==== DATA ====

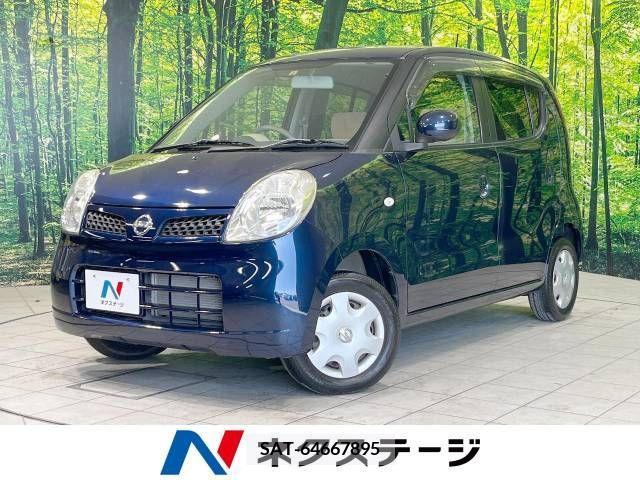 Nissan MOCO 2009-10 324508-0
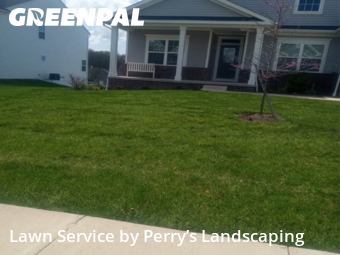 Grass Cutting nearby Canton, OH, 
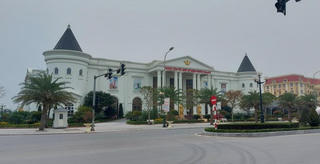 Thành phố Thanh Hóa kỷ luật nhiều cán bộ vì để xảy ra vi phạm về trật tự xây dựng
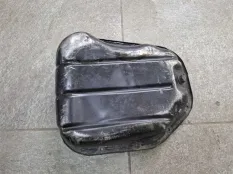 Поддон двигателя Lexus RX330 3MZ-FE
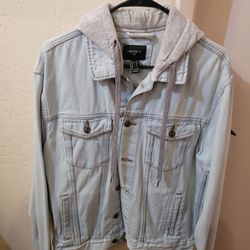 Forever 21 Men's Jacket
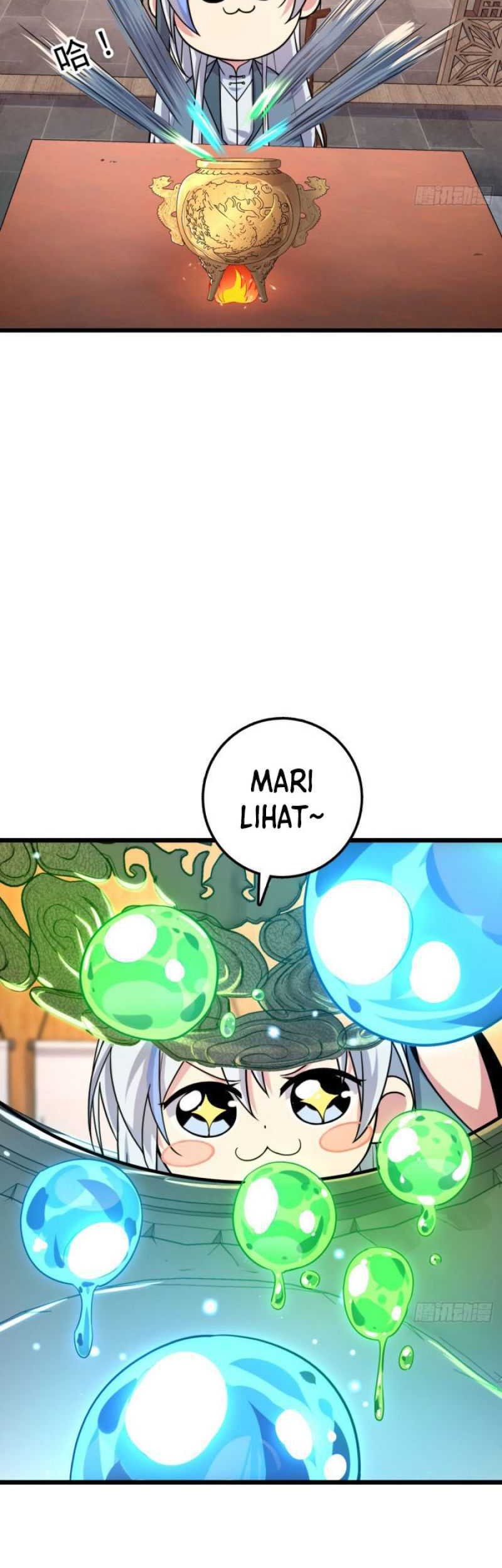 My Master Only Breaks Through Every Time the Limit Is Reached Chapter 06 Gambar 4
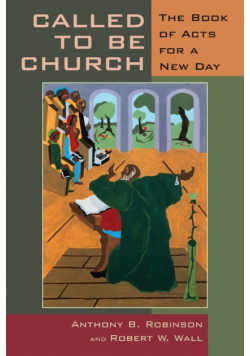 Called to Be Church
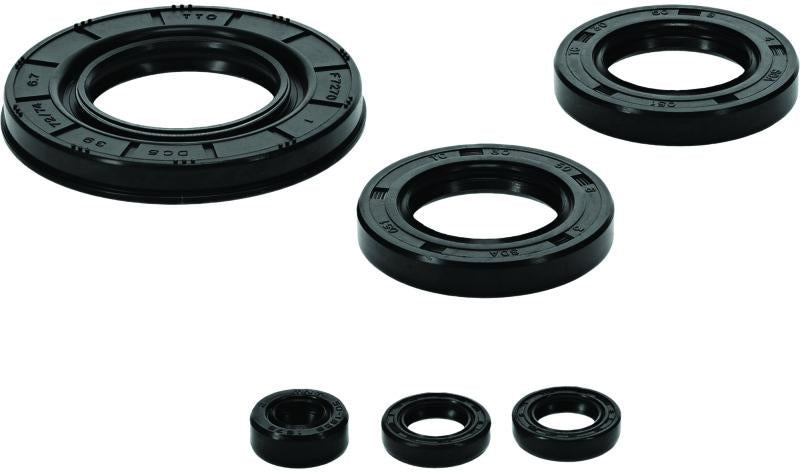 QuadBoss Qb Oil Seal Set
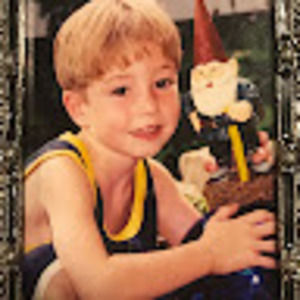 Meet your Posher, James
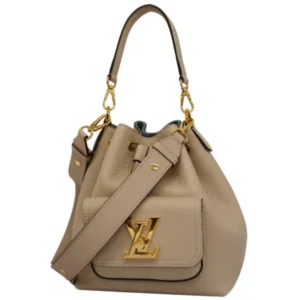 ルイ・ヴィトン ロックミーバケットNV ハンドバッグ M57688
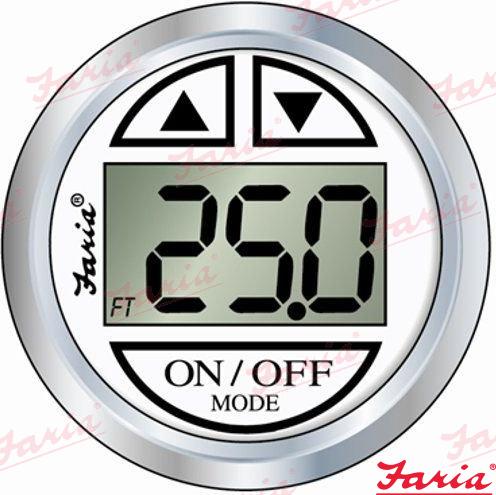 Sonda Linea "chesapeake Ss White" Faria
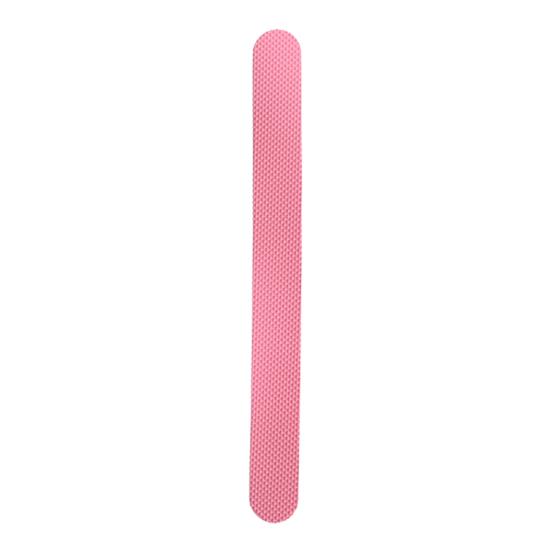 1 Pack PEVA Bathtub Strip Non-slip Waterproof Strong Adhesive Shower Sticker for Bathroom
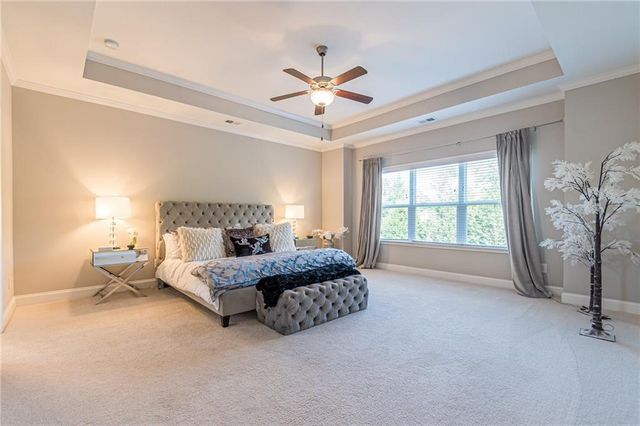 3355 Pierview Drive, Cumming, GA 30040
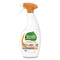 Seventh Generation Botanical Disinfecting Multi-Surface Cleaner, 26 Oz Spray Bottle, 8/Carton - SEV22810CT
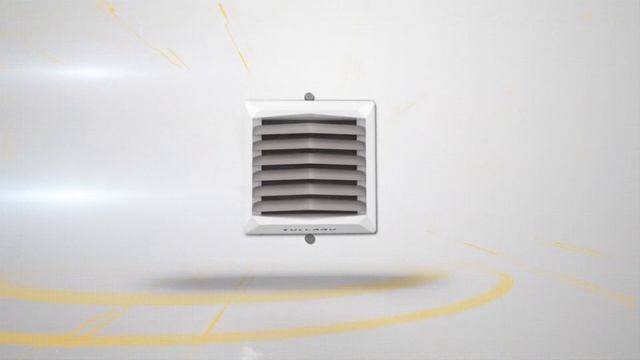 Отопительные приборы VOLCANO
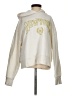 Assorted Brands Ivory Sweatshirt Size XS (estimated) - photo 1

====
==== DATA ====

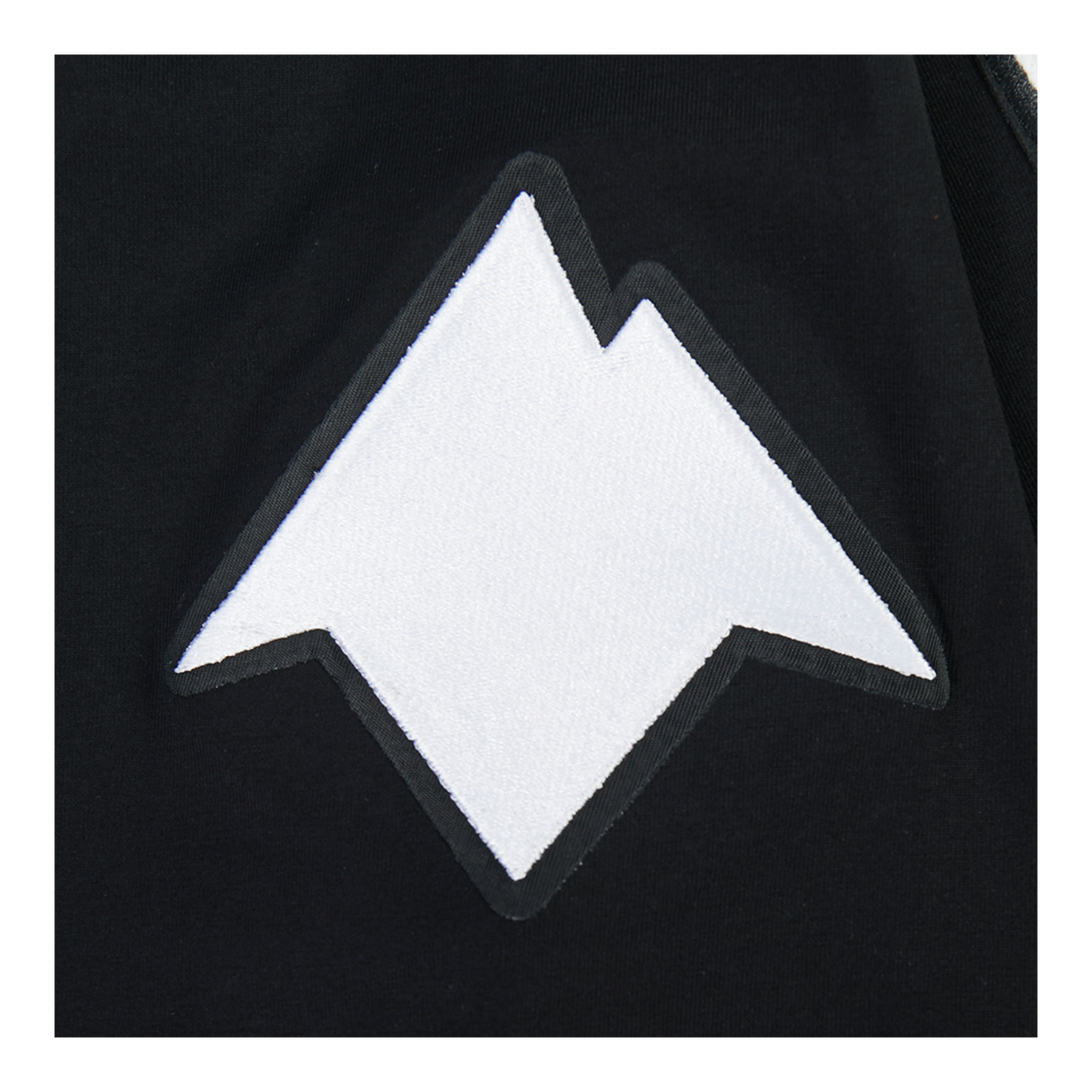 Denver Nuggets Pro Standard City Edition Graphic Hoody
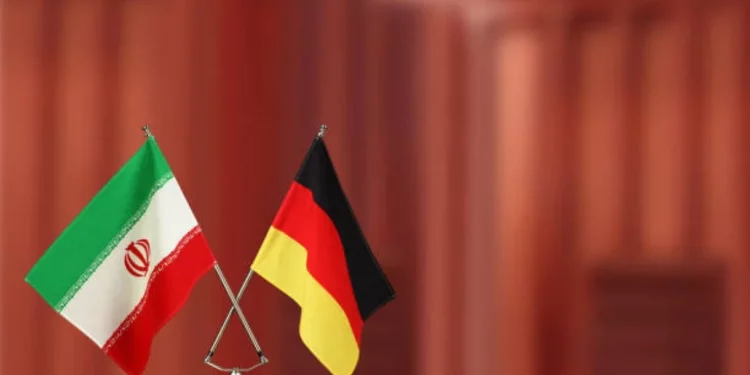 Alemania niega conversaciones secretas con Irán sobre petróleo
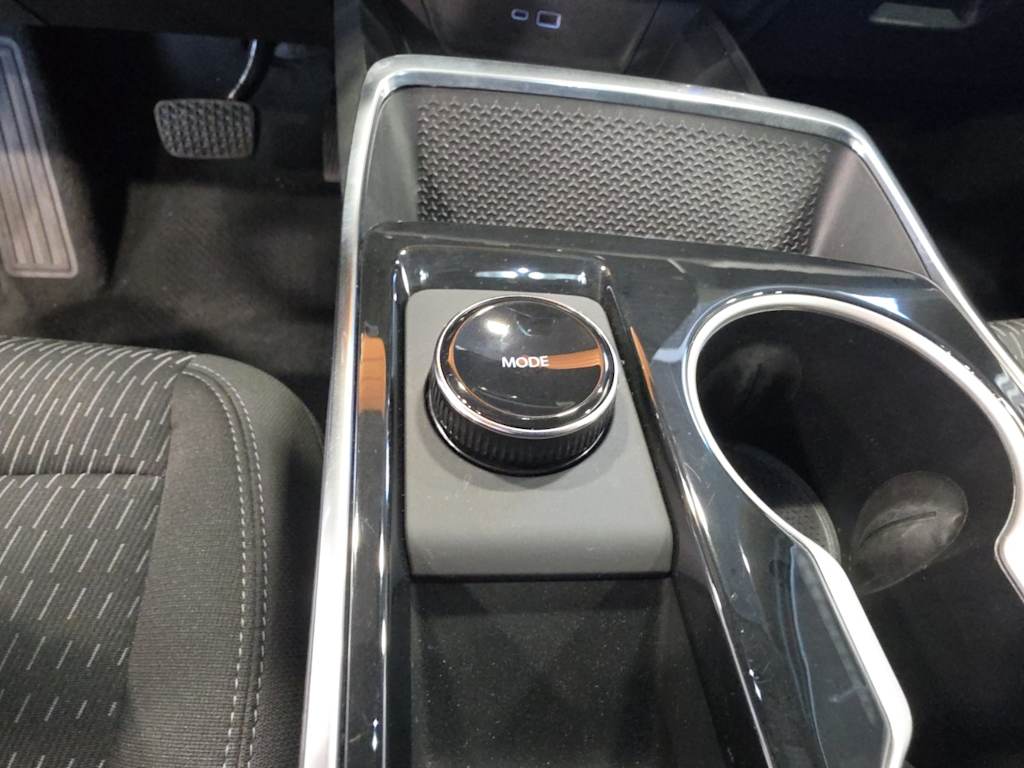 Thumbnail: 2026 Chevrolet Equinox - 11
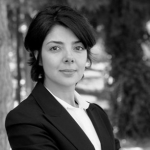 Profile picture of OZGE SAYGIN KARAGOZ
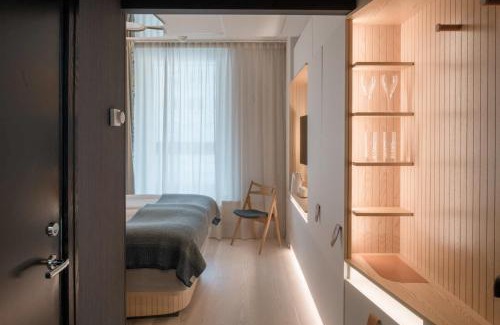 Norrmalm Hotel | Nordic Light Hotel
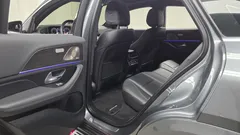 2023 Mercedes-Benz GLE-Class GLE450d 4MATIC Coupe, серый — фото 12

====

• REQUIRED ACTION:
Look above for the line with "Nissan MOCO 2009-10 324508-0", then give again exactly every line from there through the line with "ルイ・ヴィトン ロックミーバケットNV ハンドバッグ M57688", skipping the pictures.

• RESPONSE:
 Nissan MOCO 2009-10 324508-0
 Grass Cutting nearby Canton, OH, 
 Thành phố Thanh Hóa kỷ luật nhiều cán bộ vì để xảy ra vi phạm về trật tự xây dựng
 Поддон двигателя Lexus RX330 3MZ-FE
 Forever 21 Men's Jacket
 My Master Only Breaks Through Every Time the Limit Is Reached Chapter 06 Gambar 4
 Called to Be Church
 QuadBoss Qb Oil Seal Set
 Meet your Posher, James
 ルイ・ヴィトン ロックミーバケットNV ハンドバッグ M57688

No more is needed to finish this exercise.